Em 2006, outra pesquisa foi realizada pelo Ministério da Ciência e
Tecnologia, juntamente com a Academia Brasileira de Ciências (ABC), Fiocruz,
Unicamp e Fapesp, com o objetivo de identificar o interesse, grau de informação,
atitudes, visão e conhecimento dos brasileiros sobre ciência e tecnologia.
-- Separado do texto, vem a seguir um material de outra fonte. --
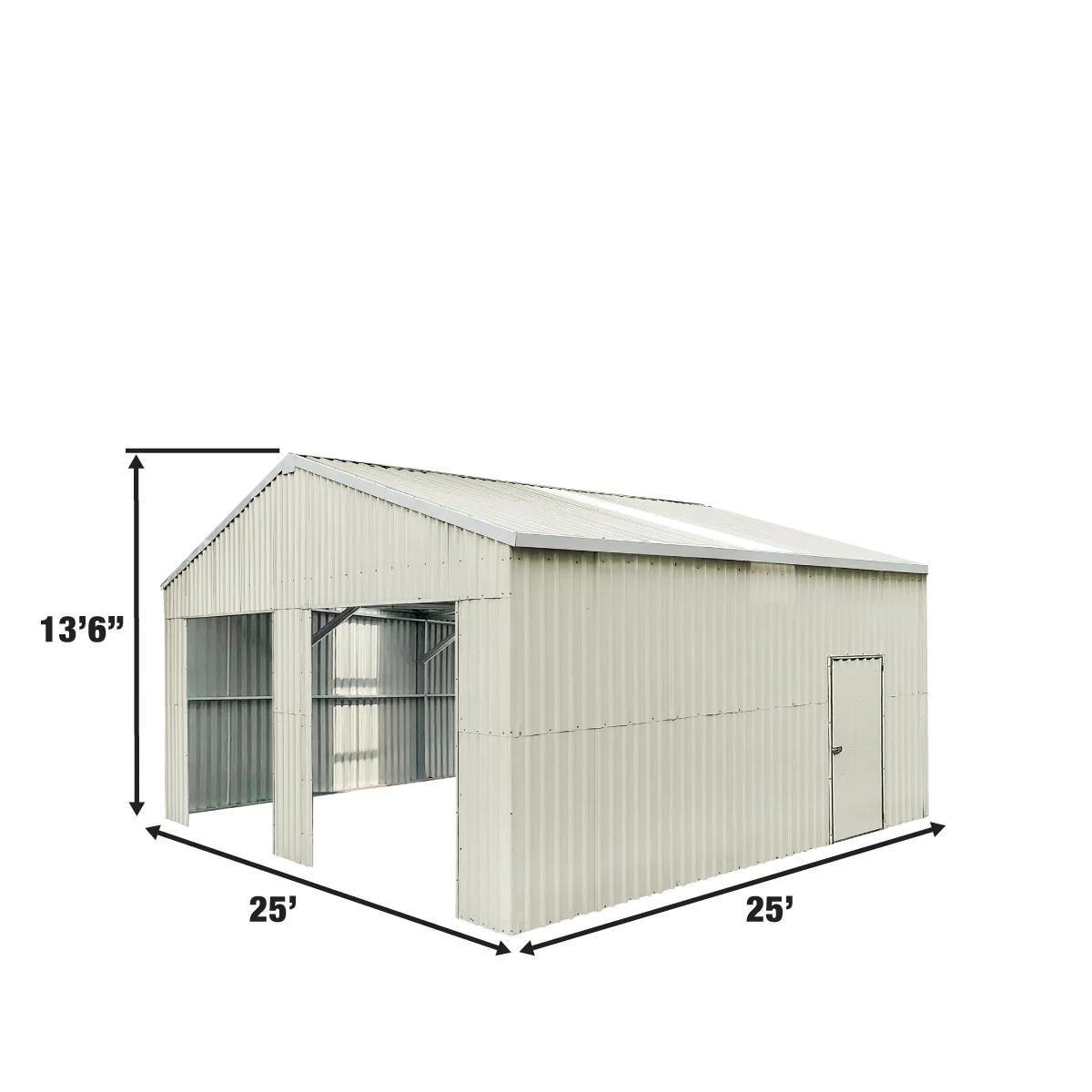 STORAGE BUILDING NEW TMG Industrial 25' x 25' Double Garage Metal Barn Shed with Side Entry Door,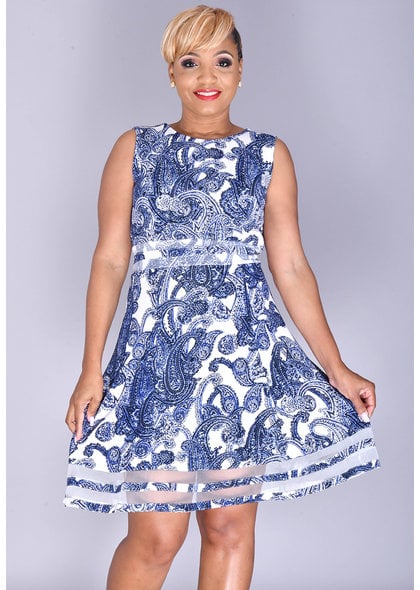 RILLA- Printed Fit and Flare Dress with Sheer Inserts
Cabe
ressaltar que, do total pesquisado, 25% eram analfabetos ou possuíam apenas o
primário incompleto e 31% não trabalhavam. Com relação à ciência e tecnologia,
41% demonstraram muito interesse pelo tema; 27% do total afirmaram que se
informavam muito sobre ciência e tecnologia; 37% do total daqueles que tinham
pouco ou nenhum interesse por ciência e tecnologia atribuíram a razão da falta de
interesse ao não entendimento do assunto. Para os que assinalaram que se
informavam pouco ou nada sobre assuntos de ciência e tecnologia, 32% afirmaram
que a causa é também o não entendimento.
Quanto à especificação dos assuntos de interesse em ciência e tecnologia,
36% assinalaram informática e computação como um dos temas de maior interesse.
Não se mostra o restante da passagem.